Tel Aviv, bombardeada por la aviación de Mussolini en 1940, creció a ritmo vertiginoso junto a la histórica Jaffa, un gran puerto del Mediterráneo cuya existencia ya mencionaron los antiguos egipcios hace 3.500 años, cuando el enclave fue conquistado por el faraón Tutmosis III. Jaffa fue una ciudad habitada por los árabes hasta que en abril de 1948 las fuerzas judías la tomaron y expulsaron a sus 70.000 residentes oriundos. Un mes después, el Estado de Israel fue declarado sobre la que hoy se promociona como Tel Aviv-Yafo, ya sin fronteras que la distingan. A la población árabe no se le permitió nunca regresar y enfiló el camino hacia Beirut o Gaza. Sus propiedades fueron ocupadas por los inmigrantes judíos, en su mayoría llegados de los Balcanes.
Paraíso gay
Hasta los ataques de Hamás del pasado octubre y el comienzo de la operación militar israelí en Gaza, Tel Aviv se vendía como la ciudad más pecaminosa de Israel, allí donde los placeres más mundanos podían ser satisfechos sin esconderse. Arcadia de las startups de las que hace bandera el país y preciado paraíso gay, Tel Aviv ha tratado de preservar su fachada de ciudad moderna y desenfadada, donde dejarse llevar sin preocuparse lo más mínimo en la resaca. En las avenidas del centro, el bullicio se sienta junto a las pegatinas con las fotografías de los rehenes o pasea entre bancos públicos ocupados por peluches gigantes teñidos de pintura roja en recuerdo de los kibutz asaltados por Hamás.

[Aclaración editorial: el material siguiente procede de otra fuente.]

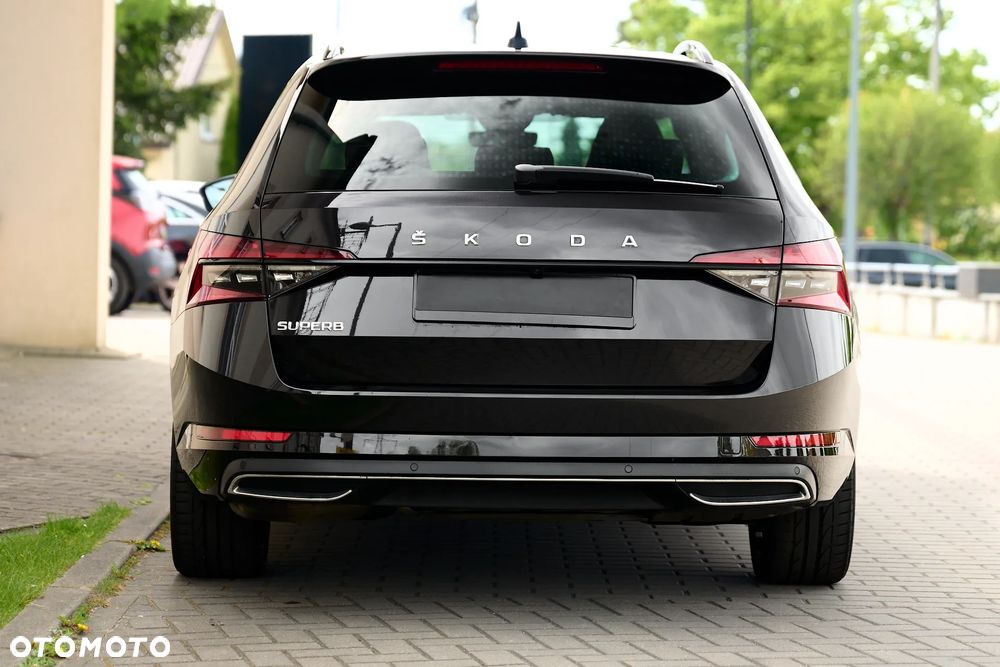 Skoda Superb 1.5 TSI DSG Sportline - 11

Son huellas del conflicto que decoran una escena general marcada por la resistencia al cambio, como los cuerpos que luchan contra el avance implacable de los años o los que rechazan las mudanzas, por nimias que resulten. Con su célebre desfile del orgullo suspendido por la contienda, las banderas arcoíris siguen despuntando por su callejero junto a algunos de los mejores ejemplos de la minimalista arquitectura Bauhaus. “Es cierto que es la ciudad más liberal de Israel para cualquier minoría pero a mí siempre me ha parecido que esa ostentación del colectivo LGTB es un intento de pinkwashing (lavado de imagen rosa). Ocupar un país e imponer un apartheid no puede ser liberal”, dice una israelí que se reconoce miembro de ese grupúsculo que aún apuesta por sellar la paz con los palestinos y empezar a resolver 78 años de deudas pendientes.
La plaza de los Rehenes
El alma más incómoda e irreverente de Tel Aviv se da cita todos los sábados por la noche con la guerra como trasfondo. Dos manifestaciones toman la plaza del Museo de Arte de la ciudad, rebautizada como plaza de los Rehenes. Por un lado, se congregan las familias de los rehenes exigiendo al Gobierno un acuerdo que ponga fin al cautiverio de sus seres queridos. Por otro, militantes de izquierda entonan su “No a la guerra” y musitan una paz de la que muchos se han hecho agnósticos. Los familiares han levantado su cuartel general en el páramo, tomado por el homenaje a los rehenes. Además de inundarlo con sus fotografías y lazos amarillos, han construido un túnel que se asemeja a la red subterránea en la que fueron confinados los rehenes en Gaza y una recreación 3D de las penurias diarias que padecen quienes aún no han enfilado el retorno.
En la capital oficiosa de Israel, los epicúreos son legión. Asaltan las calles cuando no están puestas y se beben la noche en las tabernas, las azoteas y las discotecas. “Hemos aceptado esta situación como parte de nuestro destino. Igual inundamos las playas que los cafés. Es la coexistencia monstruosa entre la ilusión de una vida normal diaria y la realidad de la guerra”, esboza la artista que nació y creció en la geografía telaviví.